We've seen the Kennedy-assassination ideas of Oliver Stone and others; we've had UFO tales, billed as fiction (X-Files) or fact. Earlier, Joe McCarthy insisted he held the names of 205 Communist conspirators in the U.S. government.

Often, those views are nudged aside. But now, some viewers will have seen two major documentaries on the topic: CNN's Fareed Zakaria presented Donald Trump's Conspiracy Theories (still available via CNNgo), and at 10 p.m. ET, Tuesday (check local listings), PBS' Frontline has United States of Conspiracy.

Why the fresh coverage? Timothy Naftali – a historian who has written books on leaders (Kennedy, Khrushchev, George H.W. Bush) and has run the Nixon library – had a short answer for CNN: "This is the first time…that a conspiracy theorist holds the highest office in the land."

Still, Donald Trump's fondness for such theories is only the final touch in an already soaring trend. Other reasons range from the Internet and social media in general to Alex Jones (top, with megaphone) in particular.

Jones is a conspiracy fireballer at the extreme. He talked of the "Bush crime family, called Hillary Clinton "one of the most vicious serial-killers the world has seen," said all the major attacks (Oklahoma City in 1995, World Trade Center in both 1993 and 2001) were planned by our government, and even said the Sandy Hook school shooting in 2012 was faked, using actors.

He has been despised by many officials and approved by Trump. "Your reputation is amazing," the then-candidate said in 2015 on Jones' show. "I will not let you down."

In another era, Jones might have gone unnoticed. In Austin, Texas, he did a public-access TV show, and then a syndicated radio show, which lost two-thirds of its stations after he accused the government of bombing its people.

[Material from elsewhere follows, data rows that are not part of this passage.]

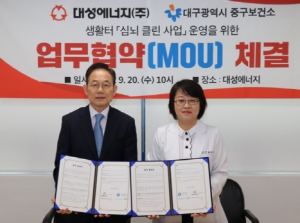대구 중구보건소 – 대성에너지(주), 심뇌혈관질환 예방관리 맞손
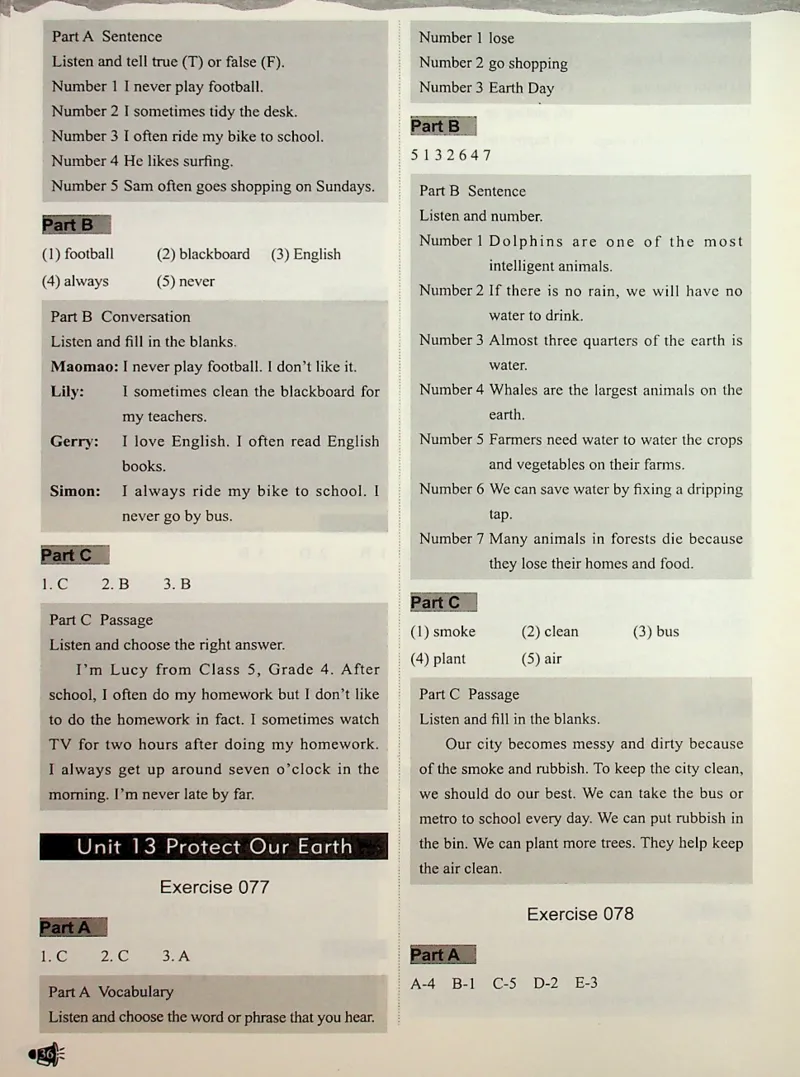 6-听霸-答案新_26春四年级上下册人教版_四上英语合集人教版PEP英语四年级上册新教材（教学视频+课件+动画+音频+练习+教案）_17练习资料_小学英语（预习复习资料大礼包）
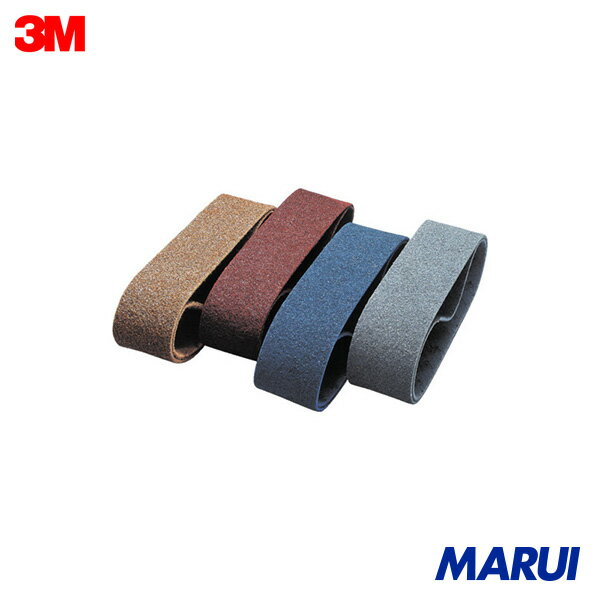 3M スコッチ・ブライト 仕上げベルト #400相当 100X915mm 2本 BLTSSF100X915 【DIY】【工具のMARUI】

But that was just as the Internet and social-media were growing, and he was a perfect fit for both. 

"The object is always to get clicks and get eyeballs," Morgan Pehme, director of Get Me Roger Stone, says in the PBS film.

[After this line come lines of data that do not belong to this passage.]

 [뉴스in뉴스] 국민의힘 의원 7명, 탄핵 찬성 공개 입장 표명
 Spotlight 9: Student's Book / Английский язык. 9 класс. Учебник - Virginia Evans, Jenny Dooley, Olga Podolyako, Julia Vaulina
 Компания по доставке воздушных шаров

Jones got them with wild claims, Pehme says; "you always have to top yourself." He stoked fears and then sold survival kits, bulletproof vests, even (until the FDA stopped him) pills that claimed to get rid of SARS and COVID. He got "all this money," Violet Jones, his ex-wife, says in the PBS film, "and Alex just wanted more and more and more."

Stone – the self-described political "trickster" – enjoyed being on the show and kept returning then convinced Trump to be a guest. After the election, Jones' rhetoric grew even stronger.

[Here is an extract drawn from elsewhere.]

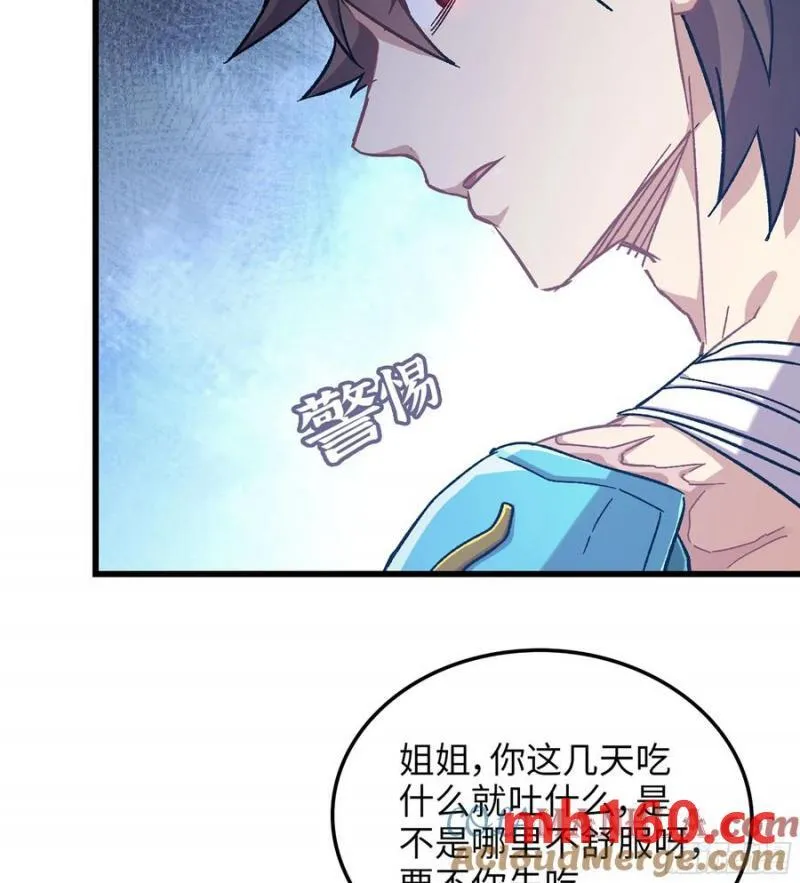 10- 幸存者 第69页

He said Trump's opponent had a child sex ring in the basement of a pizza place in Washington, D.C.: "When I think of the children Hillary Clinton has personally murdered and chopped up."

One believer took that seriously. He drove to Washington, barged into the restaurant, and fired two shots. "There were no abused children," Zakaria says in the CNN film. "Not even a basement."

Trump has also been a believer, including Jones' claim that 2016 had three million illegal voters. "I won the popular vote, if you (subtract) the people who voted illegally," Trump said.

The actual number is well below three million, Carol Anderson, an Emory University professor, says in the CNN film. One study, from 2000 to 2014, found "31 cases of voter impersonation fraud."

There have been many cases of Jones' impact. "It is surreal," he said on his show, "to talk about issues on the air and then two days later hear Trump say that word-for-word."

That was no exaggeration, Ron Jacobson (a former Jones staffer) says in the PBS film. "Sometimes it was, like, verbatim. Like, really Trump, really? You're taking his word for it?'"

There have been repercussions. YouTube and other channels banned Jones. He's been sued often and settled with Sandy Hook survivors after a court deposition in which he said he has "almost a full psychosis," which makes him believe things are true.

But he continues on the Internet, as do others – including QAnon, which alleges grand plots against the president.

Zakaria said that on July 4, Trump retweeted 14 QAnon-related messages. And we now know that on July 27, Twitter banned 7,000 QAnon accounts after determining they were promoting unfounded conspiracy theories.

Are the attempts to shorten the line between fringe and mainstream gaining traction?